Patrick did not want children of his own, not necessarily. He loved John and Elizabeth. But that did not give him the desire to have some of his own. Okay if he happened to be involved with a woman who was desperate to have a couple then he would obviously have to consider the matter very seriously indeed, but if left to his own devices no, no. And tie that in with the lurking wish to become vegetarian. How does it get tied in but. Fair enough; just perhaps that there are incredibly fucking massive feeding problems in the world at this actual moment in the movement of things insofar as toty wee weans are dying of starvation so that if meat-eaters of the wealthy West all stopped and cut out such obscene extravaganzas like feeding herds of animals on stuff that would stop these weans, that would halt
No more meat.
Horrendous.
And yet it was not possible to say such a thing to Gavin and Nicola — maybe Nicola but not Gavin. Gavin would just tell you to fuck off. Quite right and all. No it’s not. But you could speak to Nicola. Whereas you couldnt speak to him. Nicola would listen. She had some respect for Patrick’s viewpoint whereas his brother didni, not really. But fuck sake did he have any respect for Gavin’s viewpoint!
Is that the problem. No. That is not the problem. Whither it is nobler in the mind to suffer the slings and the arrows. Shakespeare. What can we say of him. Well, here you have a chap who is an actor turned playwright. Okay? Fine. Cheerio.

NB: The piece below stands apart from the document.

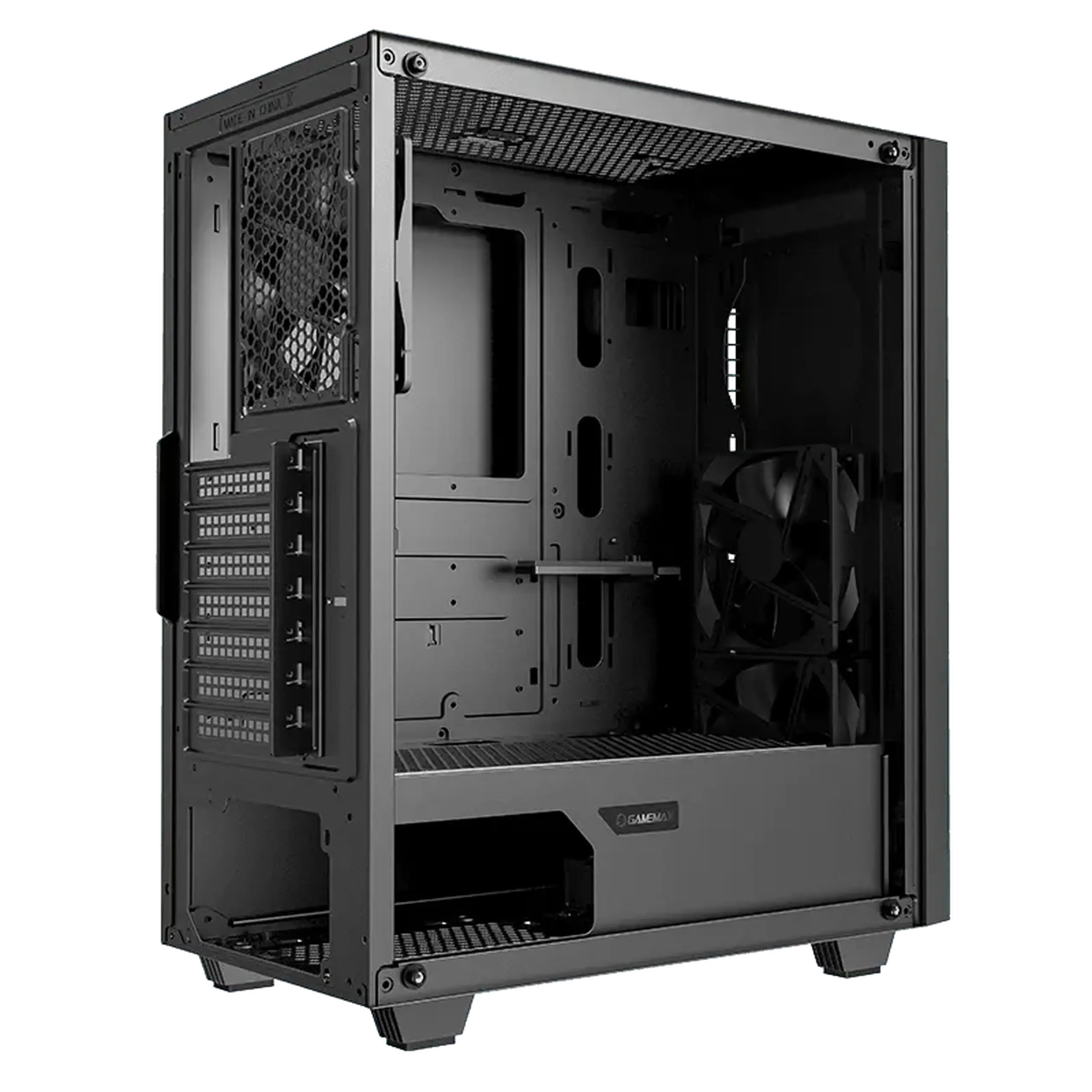 Carcasă PC Gamemax Fortress TG, Midi-Tower, Fără PSU, Negru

One sits and one says nothing. The brother and the niece and the nephew, whose attention seems concentrated on the televised happenings in the land of fantasy. An old pal and former colleague of his believed the television was a device for people being watched instead of people watching; in other words while the poor old flagellants were gazing upon the magical events from the world of stage and screen there was an army of security folk taking notes on what was what in the world of the British living room. Patrick unscrewed the bottle and poured himself a minuscule whisky. That was why he wanted into computers before it was too late. He glanced at Gavin but Gavin was already shaking his head in anticipation of the offer. Patrick nodded. The whisky had a slightly sickening quality about it which could mean only one thing; that he had drunk a fair amount of the stuff yet remained totally sober, a sobersides, an old sobersides of a chap. If intoxicated the whisky would have tasted fine but in this condition it tasted only of a retchingness. A quick sip of super to drown it out. And that would do it. He pushed the drinks away. Nothing further. And maybe after the good and plentiful meal he would be fine for driving home; to be on the safe side he could sit on for an extra hour or so, just yapping maybe.
Who with.
Nicola.
It is fucking distinctly funny peculiar and most odd how come one’s brother can sit with you and say fuck all. I mean it is absolutely fucking the dregs. What can be said about it. Fuck all. What did Wittgenstein have to say on the subject. Who wants to know. Me. Him and these brothers of his. In the name of the holies. One thing was for fucking definite: he couldni remain here forever. He needed his own wee house. He needed his own wee house and his own wee pair of pipes. Ye joking! Without these pipes his fucking life has yet to begin, it has yet to even begin.